** Opening RECORDS SUPPLIED block **
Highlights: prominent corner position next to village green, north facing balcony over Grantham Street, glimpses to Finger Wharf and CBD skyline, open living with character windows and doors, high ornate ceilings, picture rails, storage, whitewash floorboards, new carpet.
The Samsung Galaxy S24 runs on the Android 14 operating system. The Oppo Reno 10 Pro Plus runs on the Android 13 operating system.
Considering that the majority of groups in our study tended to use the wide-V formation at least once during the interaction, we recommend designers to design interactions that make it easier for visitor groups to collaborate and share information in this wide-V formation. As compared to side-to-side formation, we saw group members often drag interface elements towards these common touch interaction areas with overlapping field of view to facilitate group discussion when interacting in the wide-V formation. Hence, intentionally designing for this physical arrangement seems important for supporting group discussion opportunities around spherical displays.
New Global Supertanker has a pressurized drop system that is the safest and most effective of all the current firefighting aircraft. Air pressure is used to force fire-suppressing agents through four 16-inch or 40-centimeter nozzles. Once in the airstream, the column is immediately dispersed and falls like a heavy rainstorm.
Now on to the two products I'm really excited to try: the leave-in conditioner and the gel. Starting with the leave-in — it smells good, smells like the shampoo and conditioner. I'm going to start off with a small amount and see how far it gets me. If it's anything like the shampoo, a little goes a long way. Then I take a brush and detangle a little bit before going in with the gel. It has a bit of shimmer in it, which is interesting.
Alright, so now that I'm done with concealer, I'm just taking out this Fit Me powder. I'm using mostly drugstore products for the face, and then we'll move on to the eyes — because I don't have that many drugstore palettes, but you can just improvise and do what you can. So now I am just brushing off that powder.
** Closing RECORDS SUPPLIED block **
** Opening RECORDS SUPPLIED block **
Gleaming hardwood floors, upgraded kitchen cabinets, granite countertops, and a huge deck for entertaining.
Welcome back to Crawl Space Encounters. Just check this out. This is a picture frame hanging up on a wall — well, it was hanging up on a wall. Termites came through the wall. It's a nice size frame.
** Closing RECORDS SUPPLIED block **
* _REQUIRED WORK_: Output the lines of the records above exactly as they appear, from the line containing "Now on to the" through the line containing "Alright, so now".

* _YOUR RESPONSE_:
Now on to the two products I'm really excited to try: the leave-in conditioner and the gel. Starting with the leave-in — it smells good, smells like the shampoo and conditioner. I'm going to start off with a small amount and see how far it gets me. If it's anything like the shampoo, a little goes a long way. Then I take a brush and detangle a little bit before going in with the gel. It has a bit of shimmer in it, which is interesting.
Alright, so now that I'm done with concealer, I'm just taking out this Fit Me powder. I'm using mostly drugstore products for the face, and then we'll move on to the eyes — because I don't have that many drugstore palettes, but you can just improvise and do what you can. So now I am just brushing off that powder.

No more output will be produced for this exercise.